O que aconteceu: uma mobilização cidadã ganhou força nos EUA para observar ações de agentes de imigração, o ICE. A virada ocorreu após a morte de dois moradores de Minneapolis, Renee Good e Alex Pretti, atingidos por agentes federais. Em menos de uma semana, milhares passaram a documentar operações de ICE em comunidades locais.
Quem está envolvido: cidadãos comuns, observadores de ICE, autoridades federais e líderes municipais. Pessoas de diversas regiões convergiram para treinamentos on-line de observação, enfatizando o direito de documentar ações de fiscalização em espaços públicos.

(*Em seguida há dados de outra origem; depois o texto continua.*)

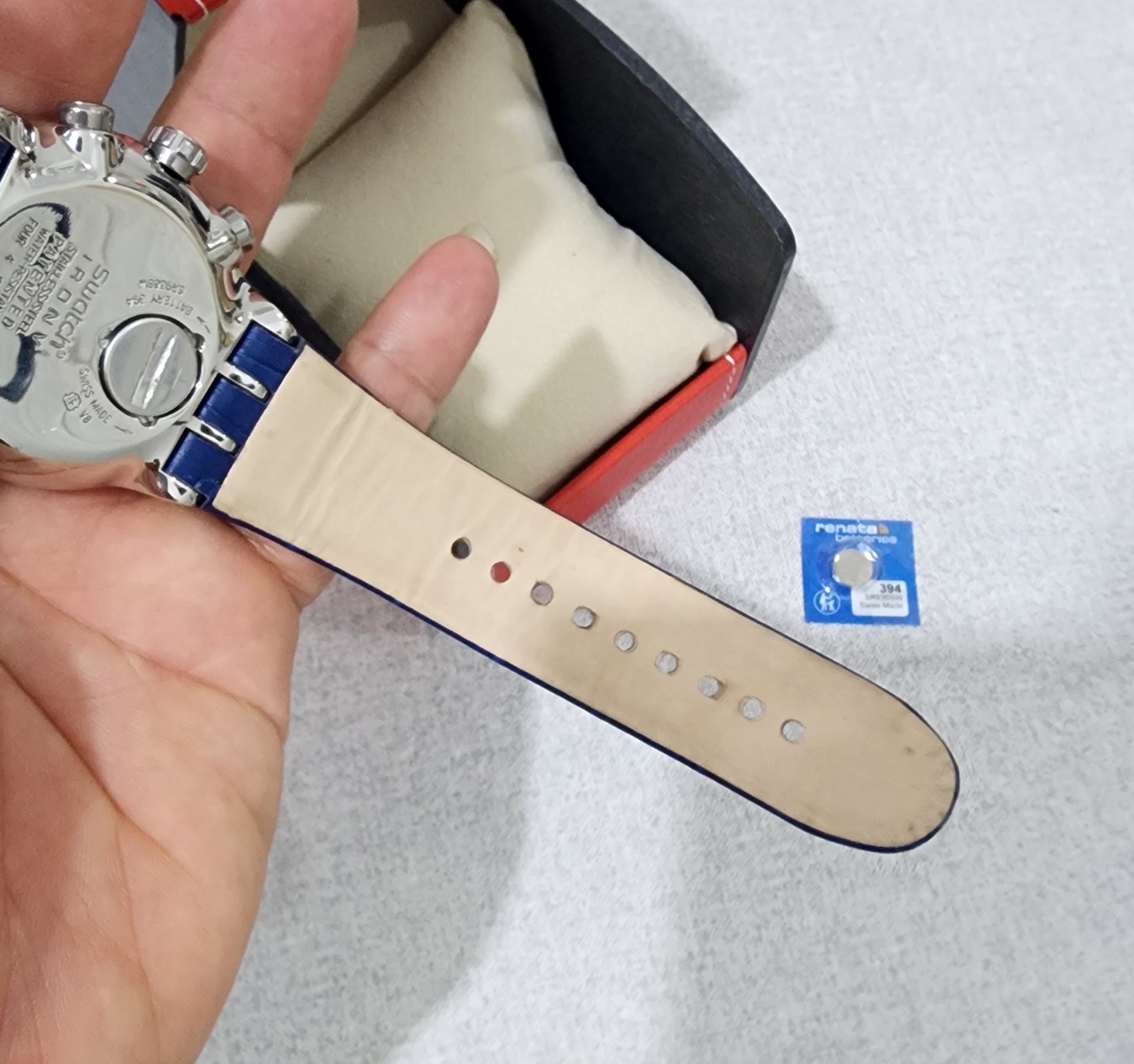 SWATCH YOS449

Organizações locais destacam o papel de quem observa como ferramenta de transparência.
Quando e onde ocorreu o marco inicial da mobilização: a sessão de treinamento on-line ocorreu numa segunda-feira à noite, com participação de quase 80 mil pessoas, seguida de mais de 200 mil visualizações no YouTube em 24 horas. O contexto envolve Minneapolis, Minnesota, além de atividades em Phoenix, Sudeste americano e outras regiões.
Desdobramentos e riscos legais
Organizadores destacam que a presença de observadores pode dissuadir abordagens de autoridades e auxiliar no registro de procedimentos. A discussão acompanha a reação federal às mortes de Good e Pretti, com declarações de autoridades que tentam enquadrar a observação como atividade potencialmente violenta, algo contestado por vídeos e testemunhos. O Departamento de Justiça anunciou investigação sobre a morte de Pretti.
A depender do cenário, há tensões entre as liberdades civis e ações governamentais. Observadores relatam ameaças de retaliação e ressaltam que o direito de filmar em locais públicos é protegido pela Primeira Emenda. Promotores e advogados denunciam um cenário de maior risco para ativistas, ainda que dados oficiais mostrem medidas migratórias que resultaram em acusações menores em muitos casos.